This holiday season, if you plan on getting either of my kids gifts please don't buy them any toy guns. They aren't welcomed in my home anymore. We will keep the Nerf guns, Star Wars blasters and revolutionary war pop guns that we already own, but that is it nothing more. I can't justify my outrage at this nation's flippant attitude towards guns, gun violence and the lack of respect for human life, while at the same time letting my kids play with guns (albeit toy guns).
This evening I saw a post on a fellow dad blogger's Facebook page about a seven year old Michigan girl who was shot dead and whose mother is critically wounded after being showered with a barrage of bullets outside of her soccer practice. The gunman, who took the cowards way out, had purchased the gun legally. No waiting, no registering, no background check, just hand over the cash and here is your gun, some bullets and well see you soon. Luckily, I guess, he only hit his targets, who may I remind you were a 7 year old girl and her mother. But had this guy missed he could have put some lead into more kids, more moms or dads, perhaps a baby or two. Maybe this story hits me hard because I live with a 7-year old girl and her mother.
In Michigan where this tragedy took place, it is legal for a person to carry a firearm in public as long as the person is carrying the firearm with lawful intent and the firearm is not concealed.

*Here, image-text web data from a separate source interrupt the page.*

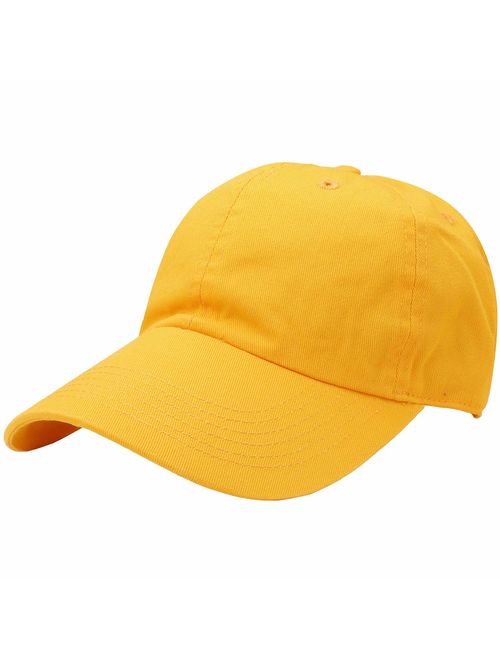 Falari Classic Baseball Cap Dad Hat 100% Cotton Soft Adjustable Size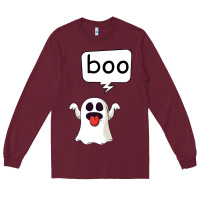 Burgundy Boo Long Sleeve Tee - Bettercallsaul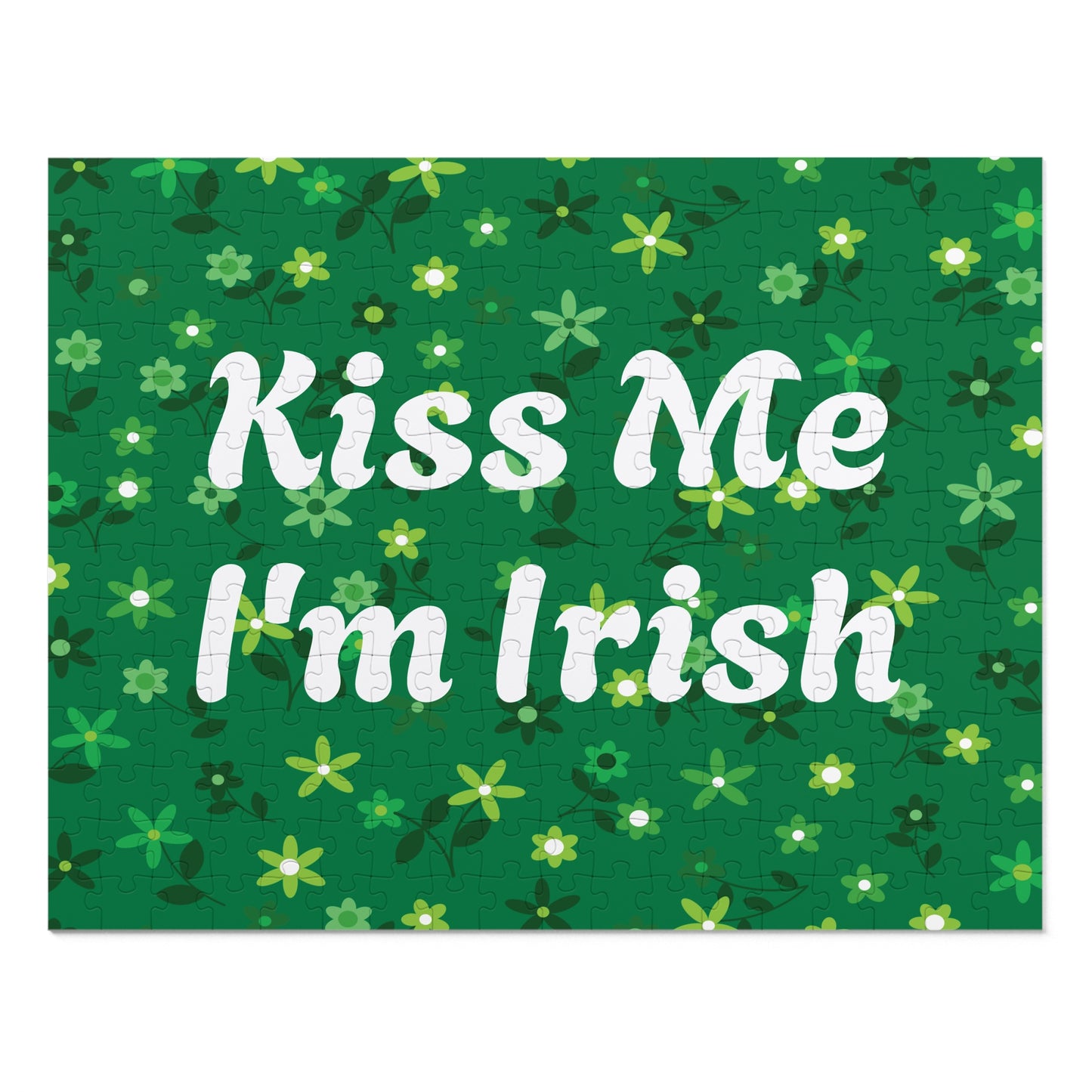 St. Patrick's Day Jigsaw Puzzle with Tin - 'Kiss Me I'm Irish' Design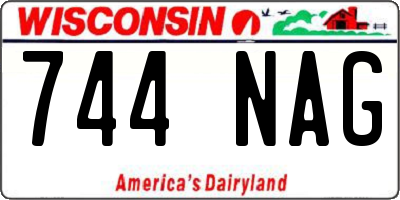 WI license plate 744NAG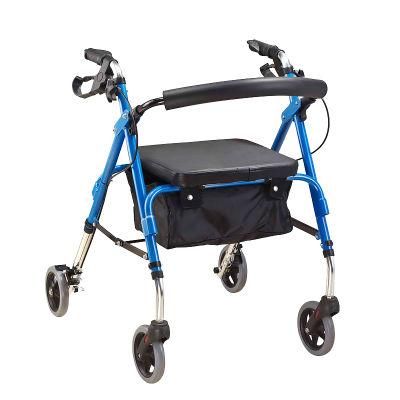 Hanqi Hq425L High Quality Foldable Rollator Shopping Cart for Patient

No Law to prohibit: There is no law that makes it legal; it is the absence of a law to prohibit open carry that makes it lawful. (You can get a concealed pistol license after taking an 8 hour course, showing a state issued ID and paying a $100 fee.) While on the other hand, to get a drivers license in Michigan, you need to pass a written test. Pay a fee to get a learners permit. Practice for at least 30 days after getting your permit. Take an eye and hearing exam. Show your original social security card and birth certificate. Take a road test. And then you can go back to the office and get your drivers license . If its your first license you go on three years of probation. So you need to jump through hoops to get a drivers license. But if you have $200 you can legally buy a gun, pretty much no questions asked and carry it around.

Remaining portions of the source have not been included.